Secondo un altro executive: “[Theater owners] know this release is fake and so does everybody else. [The Academy] needs to define what a movie is. If it’s about intention, well, nothing for Netflix is made for the theaters. It’s about heritage and it’s about clarity. To me and I think to a fair amount of filmmakers, if your movie doesn’t have to be made for theaters at all, then what makes the Academy Awards different from the Emmys?”

Il produttore Bill Mechanic, già tra i governatori dell’Academy, è stato più conciliante: “Look, it’s a start. What they’re doing is strictly for Academy consideration, as opposed to a business strategy. It’s a step in the right direction , but I think it’s a limited step in the right direction”.

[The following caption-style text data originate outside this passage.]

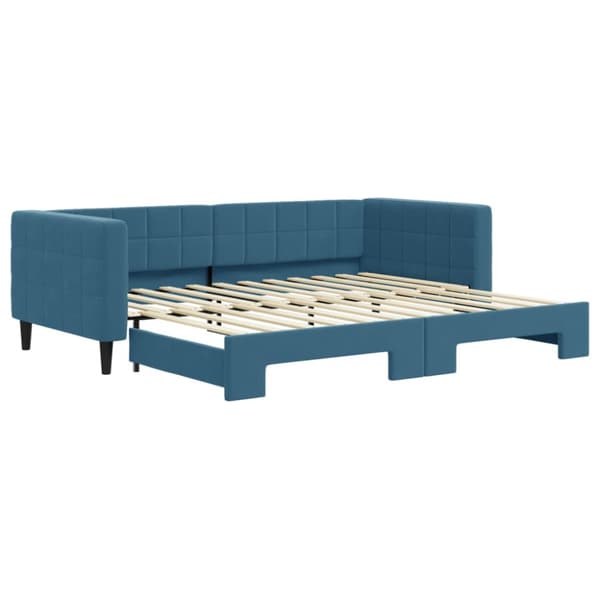 Dagbädd utdragbar blå 90x200 cm sammet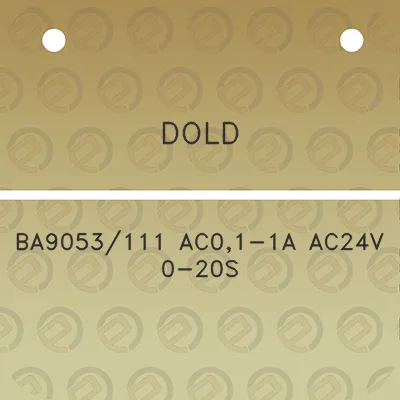 dold-ba9053111-ac01-1a-ac24v-0-20s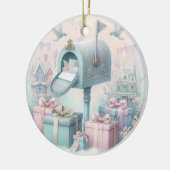 Pastel Kerst Ornament Mailbox en Cadeaus 5 (Links)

E’ indubbio che Netflix stia cambiando il mondo della produzione e della distribuzione, con la forza e la velocità di un tornado, trascinando con sè vecchie abitudini incancrenite e forse anche qualche buona pratica. E’ il prezzo di ogni rivoluzione.

Se da un lato, difatti, a Netflix serve disperatamente la buona pubblicità e il prestigio che festival e premi ancora garantiscono, contribuendo a creare quell’aura di cui i suoi film sono invece quasi sempre privi, d’altro canto la distribuzione in sala è un’altra cosa, rispetto a questi spot simbolici, che Netflix ha deciso di accompagnare alla sua release ordinaria, per alcuni titoli di prestigio.

Per convincere i miglior talenti sulla piazza a lavorare per lei, Netflix deve continuare a dare l’illusione che in fondo nulla è cambiato: ovvero che, oltre ad una valanga di soldi per realizzare i loro progetti, la società di Hastings e Sarandos garantirà che i loro film andranno lo stesso ai festival più prestigiosi, che avranno il red carpet e l’anteprima con i fans in fila di fronte alle sale, che potranno aspirare ai premi e alla gloria.

Questo naturalmente senza rischiare nulla.

I film e i loro autori saranno liberi da ogni assillo da ‘primo weekend’ e da ogni preoccupazione rispetto al successo di pubblico: la bolla infinita, per cui Netflix si indebita quasi senza limiti, pur di realizzare i suoi contenuti, senza apparentemente curarsi della loro ricezione tra gli abbonati, sembra davvero il paese della cuccagna.

Ma è veramente così? E quanto durerà?

Come molte realtà del nuovo capitalismo americano, l’indebitamento straordinario di Netflix  è funzionale alla conquista di una posizione di monopolio di fatto o di supremazia assoluta, nel proprio mercato. Più dei bilanci, quello che sembra contare è la capitalizzazione di borsa, che segue il progressivo raggiungimento di quell’obiettivo primario di espansione. Anche Netflix sembra esattamente su questa strada.

Ma cosa succederà quando le risorse, apparentemente illimitate, si ridurranno? O quando l’espansione raggiungerà il suo limite fisiologico?